Your task:
Using the listing below, print exactly everything from the line with "Appartement à Argenteuil" down to the line with "JESUS DEL POZO HALLOWEEN FEVER EDP 100ML (M)", both included, and nothing more.

Records for this task:
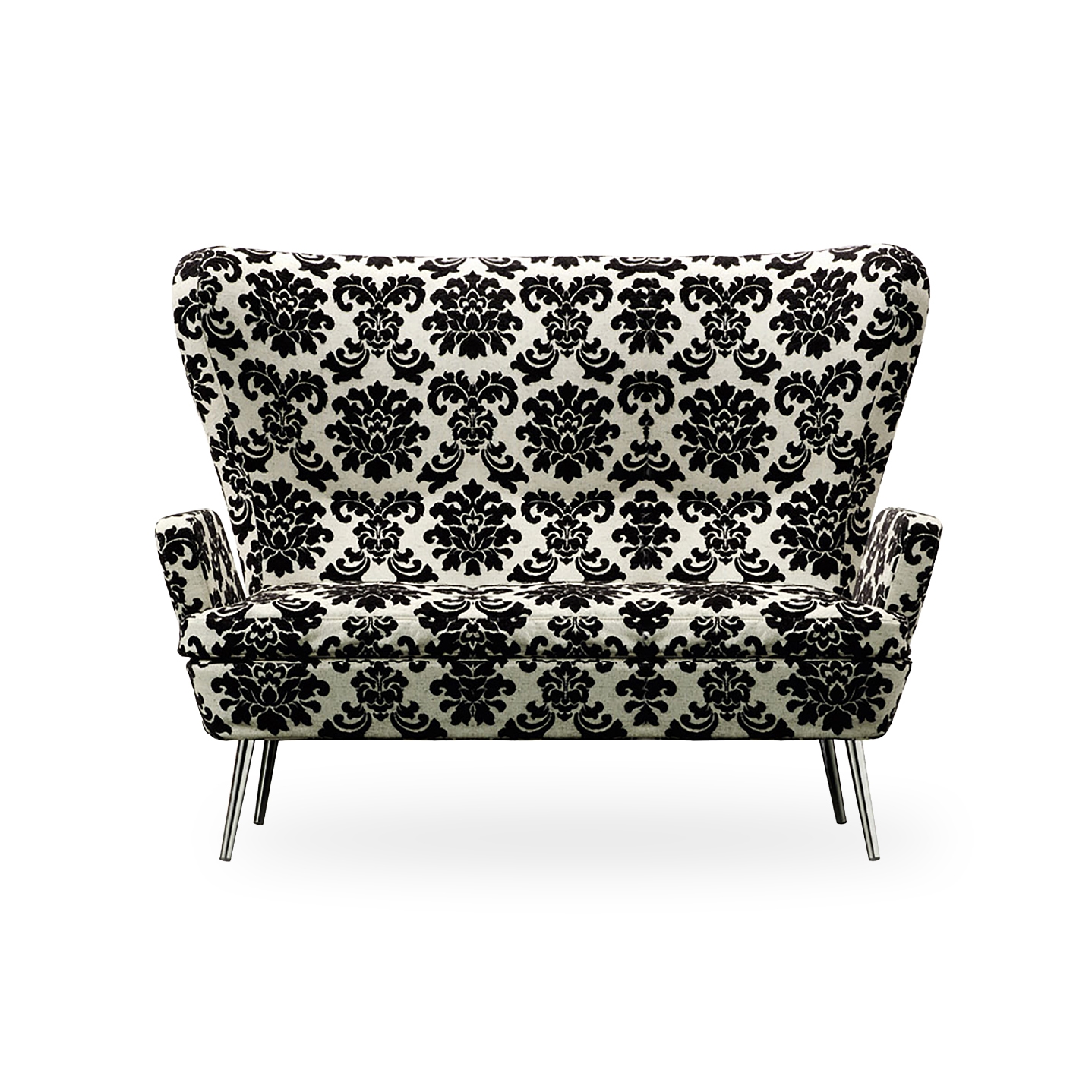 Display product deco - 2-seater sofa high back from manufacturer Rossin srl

...

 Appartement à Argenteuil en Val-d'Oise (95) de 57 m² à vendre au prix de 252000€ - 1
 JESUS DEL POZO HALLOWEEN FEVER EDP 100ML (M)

Problem solution:
 Appartement à Argenteuil en Val-d'Oise (95) de 57 m² à vendre au prix de 252000€ - 1
 JESUS DEL POZO HALLOWEEN FEVER EDP 100ML (M)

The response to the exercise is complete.